Uno de los grandes cambios forzados del pensamiento dogmático de la Iglesia Católica se refiere al movimiento de la Tierra.
Parménides de Elea, hacia el año 480 a.C., justificaba la redondez de la Tierra, y Platón, unos ochenta años después, en el Timeo, defendía el giro diario de la Tierra alrededor de su eje: «La forma más corriente…no podía ser más que la que abarcase todas las formas…Por eso redondeó el mundo hasta hacer de él una esfera…quiso que el mundo girase sobre sí mismo y alrededor de un mismo punto con un movimiento uniforme y circular».
Aristarco de Samos, en el siglo III a.C., y Seleuco de Babilonia, unos cincuenta años más tarde, defendieron la teoría heliocéntrica, con la Tierra desplazándose a través de los cielos alrededor del Sol. Hubo que esperar hasta la muerte del católico Copérnico, en 1543, para que su discípulo Rheticus mandase publicar la obra que acababa con el geocentrismo de Hiparco y Tolomeo y que su maestro no se atrevió a dar a la luz. El luterano Johannes Kepler, de familia judía, aprovechando las delicadas medidas astronómicas de su valedor Tycho Brahe, demostró matemáticamente que las órbitas de los planetas no eran circunferencias perfectas, sino elipses. Pero Kepler, como Copérnico, era conservador y no quería enfrentamientos, por lo que fue Galileo, que quería despertar la consciencia de los hombres, quien impulsó la teoría heliocéntrica, enfrentándose a la Iglesia y al Santo Oficio: «Aunque hayan proclamado que decir que la Tierra se mueve es herejía, si las demostraciones, las observaciones y las necesarias verificaciones demuestran que se mueve, ¿en qué dificultad se habrán puesto a sí mismos y habrán colocado a la Santa Iglesia?…Si la Tierra se mueve ‘de facto’, nosotros no podemos cambiar la naturaleza y hacer que no se mueva». En 1633, el Santo Oficio hizo abjurar a Galileo de su teoría y le condenó a prisión, sentencia que el Papa Urbano VIII conmutó por la de arresto domiciliario en virtud de la elevada edad, setenta años, y de la mala salud del primer científico moderno.

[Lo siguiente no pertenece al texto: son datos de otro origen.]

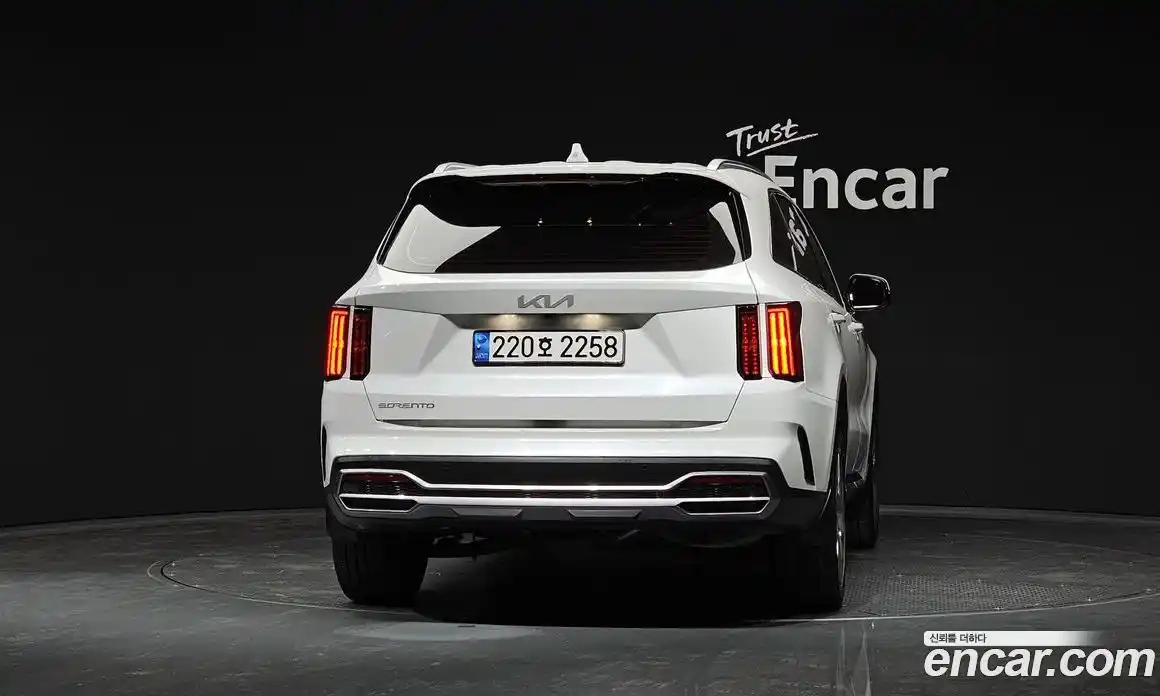 Kia Sorento 2023 2.5 Автомат в Москве № 815984, фото 3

Mucho peor le fue a Giordano Bruno, nacido en Italia en 1548, novicio de los dominicos y ordenado sacerdote a los veinticuatro años, aunque ya era sospechoso de herejía. Cuatro años después abandonó la Orden y cuando apareció en Génova abrazó la Reforma y siguió a Calvino. En 1584 publicó ‘La Cena del Miércoles de Ceniza’, donde relata, en tres diálogos sobre el Universo y tres sobre moral, la acalorada discusión mantenida con los doctores oxonienses en la que defendía el Universo infinito y la multiplicidad de los mundos (¡Las estrellas eran soles!) No se quedó ahí, también dijo que la religión era un medio para instruir y gobernar al pueblo ignorante, que la salvación no se obtenía por solo la fe, como adoctrinaba Calvino, sino por la dignidad de las acciones humanas. Tampoco se quedó ahí: defendió la base atómica de la materia y de los seres y propugnó la coexistencia pacífica de todas las religiones. Excomulgado por la Iglesia luterana, volvió a Italia en 1591 y un año más tarde fue denunciado a la Inquisición. Tras siete años en prisión y discusiones en las que defendía sus ideas como filosóficas y no teológicas, el ocho de febrero de 1600 fue conducido a la hoguera amordazado para que no pudiera exponer su doctrina y fue quemado vivo. Clemente VIII era el Papa de Roma.
La Iglesia Católica, Apostólica y Romana ha cambiado de criterio: actualmente admite que la Tierra se mueve; y ya no quema vivos a los que mantienen opiniones contrarias a las suyas, solamente los manda al infierno, aunque sus principales pensadores no tienen claro dónde está ubicado y si hay auténticas llamas o no.